CirrusSearch/BlogDraft

This is a draft of a blog post.

Title ideas

New search infrastructure is now live
Why we gave Wikipedia a new search infrastructure, and how
....

Text[edit]

The Wikimedia Foundation recently completed our year-long project to replace the underlying search infrastructure with an Elasticsearch powered MediaWiki search plugin called CirrusSearch. During the month of December it served 872 million full text searches and 3.1 billion find-as-you-type searches across the 900 wikis we host. The full list of features is documented on the CirrusSearch help page, but here are some highlights:

Near real time indexing - it now takes less than a minute from page edit to index update on average
Semi-curated search results - ranking can be raised and lowered based on membership in a category. For example, featured articles and picture of the day are considered more relevant.
A large compliment of filters and exact matching techniques useful for editors
Optionally prefer recently edited articles

The old on-site search was quite quite good for its time but hadn't seen much love in many many years and was beginning to show its age by crashing, returning errors on certain search terms, and otherwise waking engineers up in the middle of the night. Unfortunately, it implemented all the search functionality using a version of Apache Lucene released so long ago that to get any new functionality we'd have had to rewrite most of it against a new version with very very different APIs. That was pretty daunting and the Wikimedia Foundation wanted to get out of the business of maintaining a custom search solution so we made the decision to replace the system entirely rather than attempt to incrementally improve it.

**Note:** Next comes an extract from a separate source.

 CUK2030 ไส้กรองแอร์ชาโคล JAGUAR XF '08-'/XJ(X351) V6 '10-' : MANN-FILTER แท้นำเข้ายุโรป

We ultimately chose to rebuild the system using Elasticsearch. As an active open source project in its own right, we think they will do a better job keeping up with Lucene development than we can. So we built the CirrusSearch MediaWiki extension to mediate between MediaWiki and Elasticsearch. It hooks the appropriate spots to direct updates and searches to Elasticsearch. We like Elasticsearch for a ton of reasons:

The query language is super flexible and expressive. This is really nice compared to writing a low level wrapper around Lucene because it allows us to change queries on the fly just by redeploying CirrusSearch.
Almost all maintenance tasks can be done over HTTP from defining a new index and configuring how fields are analyzed to changing recovery rate limits. This made it easy to script maintenance tasks like building new indices and changing how fields are analyzed.
Which servers hold what data is dynamic within constraints you specify. This is powerful enough for us to specify rules like "don't put two English Wikipedia shards on the same server" but for the most part we just leave it alone and it makes sensible decisions.
Tons of metrics are available for reading, graphing, and alerting fun over HTTP both in JSON and easily grep-able form. On the off chance something does go sideways we can track it down by combining these metrics with the slow query log and more logging that we do on the MediaWiki side.
The plugin system is robust enough for us to write new queries, filters, and a new result summarizer. This gave us a ton of flexibility and most importantly it let us iterate quickly in when we couldn't wait for Elasticsearch to cut a new release.

Overall Elasticsearch does a good job of making search seem simple most of the time but doesn't hide the complex bits when you genuinely need them. It feels like you get the most out of it when you start simple and iterate. Download it, run it, POST some documents, and try searching for them. Then decide something is wrong and go back some steps. Maybe make different searches or different documents or maybe setup a mapping rather than using the default one or maybe a different analyzer. If all else fails you can install a plugin. Or write one! Or contribute to Elasticsearch. Or Lucene. Not that you'll have to do that on every project. The point is that you can start simple an go deeper.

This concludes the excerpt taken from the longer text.